Em artigo para o Jornal GGN, Erminia Maricato (BrCidades) fala sobre a falta de acesso à moradia de formal e a visibilidade seletiva das ocupações de terras e imóveis no Brasil: mesmo com uma tradição histórica de grilagem, privatização de terras públicas e ocupações de alto padrão em áreas de preservação permanente, o Estado reprime e criminaliza os mais os pobres. Segundo Maricato, “a ilegalidade não pode ser imputada aos moradores que não tem opção de moradia, mas, sim, aos prédios vazios que não cumprem as exigências legais e representam alto custo para a sociedade que paga com impostos a infraestrutura urbana que serve estes edifícios”.

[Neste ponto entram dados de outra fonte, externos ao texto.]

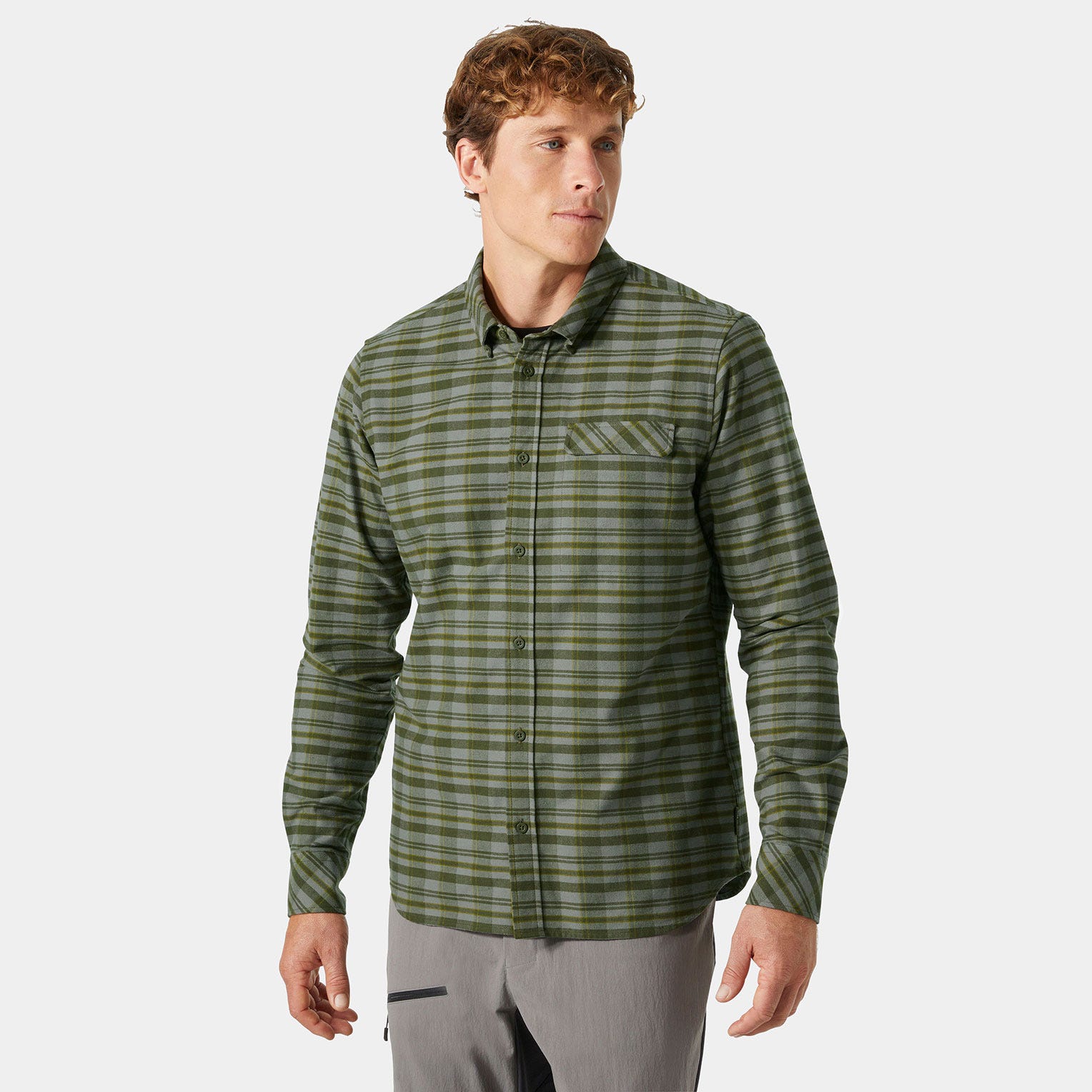 Classic Check Long Sleeve Shirt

Os excluídos da cidade e a lei
por Erminia Maricato
Parte expressiva da população brasileira não tem acesso à moradia formal, nem por meio de políticas públicas, nem por meio do mercado. Esse número varia de acordo com a região do país e a cidade. No Município de São Paulo, por exemplo, o percentual de excluídos é de 25% da população, enquanto em Manaus chega a 80%. Não estamos falando, portanto, de números de exceção, mas de regra: são dezenas de milhões de pessoas. Todo mundo mora, necessariamente, em algum lugar. As consequências sociais, econômicas e ambientais desse processo de assentamento urbano sem a presença do Estado são dramáticas. No entanto ele é invisível. Ou melhor essa visibilidade é seletiva.
Ao contrário do que se imagina, não são apenas os pobres que ocupam ilegalmente terras e imóveis no Brasil. Extensa bibliografia mostra a tradição histórica de grilagem, privatização de terras públicas, ocupações de alto padrão em áreas de preservação permanente além da corriqueira sobreposição de registros de propriedade sobre as mesmas terras. A diferença é que estes não o fazem por falta de opção. Loteamentos fechados, destinados ao mercado de alta renda, que se reproduzem em todas as cidades do País, privatizam áreas verdes públicas e ruas para o gozo dos que vivem intramuros, ferindo a Lei Federal nº 6.766 de 1979. Mas, a classificação de “ilegalidade” parece passar pelo viés de classe mais do que pelo texto estrito da lei. Pois, se as camadas de rendas mais altas teriam outras opções ao loteamento fechado, isso não acontece com a população de baixa renda. Cerca de 70% do déficit habitacional, medido pela Fundação João Pinheiro, é composto pelas famílias cuja renda não ultrapassa R$1.800,00 cuja cor predominante é de negros e negras.
Mas o viés da classe social não explica tudo. A visibilidade da gigantesca “ilegalidade” resultante do assentamento residencial das camadas populares também é seletiva. A APM – Área de Proteção dos Mananciais –, situada ao sul da metrópole paulistana, está ocupada ilegalmente por aproximadamente 2 milhões de pessoas. Leis Federais, Estaduais e Municipais não impedem que essa ocupação predatória, por parte dos que não têm alternativa, durante os últimos 50 anos, coloque em risco a produção de água que chega nas torneiras da nossa imensa metrópole. O crime organizado (ou milícias, o que dá no mesmo) está construindo edifícios populares ao norte do município de São Paulo e abrindo loteamentos ao sul. Ambas regiões são protegidas por legislação ambiental, ambas ainda mantém mata significativa e vida animal e ambas são produtoras da água que serve nossa metrópole. A perda desse precioso patrimônio não comove a mídia, o Estado ou toda a sociedade de modo geral. No entanto, a ocupação de algumas poucas dezenas de edifícios abandonados, ociosos, no centro antigo de São Paulo causa comoção.